# Second sermon on Sunday Morning



## brymaes (Jan 8, 2006)

I was thinking about replacing our church's adult Sunday School time with a second sermon. It would be something like this after the service:

Reading from Heidelberg Catechism (the appropriate Lord's Day)
Hymn
Sermon on a text relating to the catechism

I thought this might foster a closer connection between the service of worship and the Sunday School, and would help me stay organized and on topic (I tend to ramble when I "teach" rather than preach)

Any thoughts?


----------



## fredtgreco (Jan 8, 2006)

I personally think that two sermons in such close proximity may be too much for people to grasp and properly contemplate.

If you thought that Sunday school had to be replaced, I would instead have it after the worship service, and then have a time when the congregants could ask you follos up questions about the sermon.


----------



## Jie-Huli (Jan 8, 2006)

The church I attend when in Taipei has services with effectively 3 sermons in succession between 10:30am and 3:00pm:

1) The regular sermon on a Biblical text;
2) A sermon relating to a section of Calvin's Institutes; and
3) A sermon relating to a text of the Heidelberg catechism.

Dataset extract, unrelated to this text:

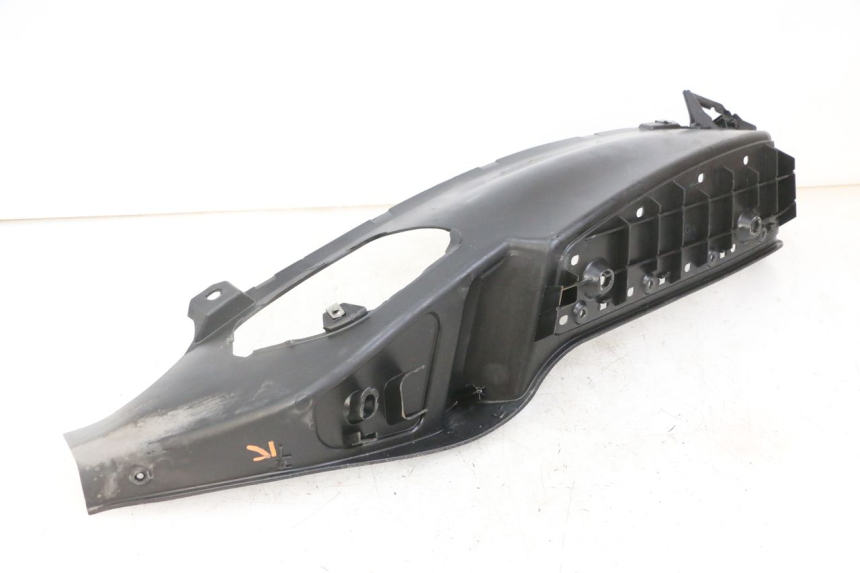photo de TAPA REPOSAPIES IZQUIERDA PIAGGIO MP3 LT 300 (2010 - 2016)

Of course, this church is small enough that there would not be separate Sunday School classes at any rate.


----------



## Romans922 (Jan 9, 2006)

That is also a different culture. Asian culture is much different than the American culture, positively and negatively.

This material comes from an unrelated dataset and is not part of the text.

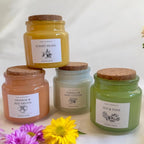 NARAMAKI® Idea Regalo per la Donna - Sacchetto Regalo con Candela Profumata per Ambienti in Vaso di Vetro + Bouquet - Regalini Fine Festa - Aromi| Essenze -Compleanno|Amica|Nonna|Mamma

[Edited on 1-9-2006 by Romans922]


----------



## Ivan (Jan 9, 2006)

> _Originally posted by fredtgreco_
> If you thought that Sunday school had to be replaced, I would instead have it after the worship service, and then have a time when the congregants could ask you follos up questions about the sermon.



Excellent idea!


----------



## brymaes (Jan 10, 2006)

Thank you, gentlemen!


----------



## VictorBravo (Jan 10, 2006)

> _Originally posted by Jie-Huli_
> The church I attend when in Taipei has services with effectively 3 sermons in succession between 10:30am and 3:00pm:
> 
> 1) The regular sermon on a Biblical text;
> ...



That's similar to how our church proceeds too, 9:30 London Confession, 11:00 regular expository sermon, currently in Romans, 5:00, general prayer and another expositional sermon, also usually part of an ongoing series but occasionally on a relevant topic. 

Vic


Vic


----------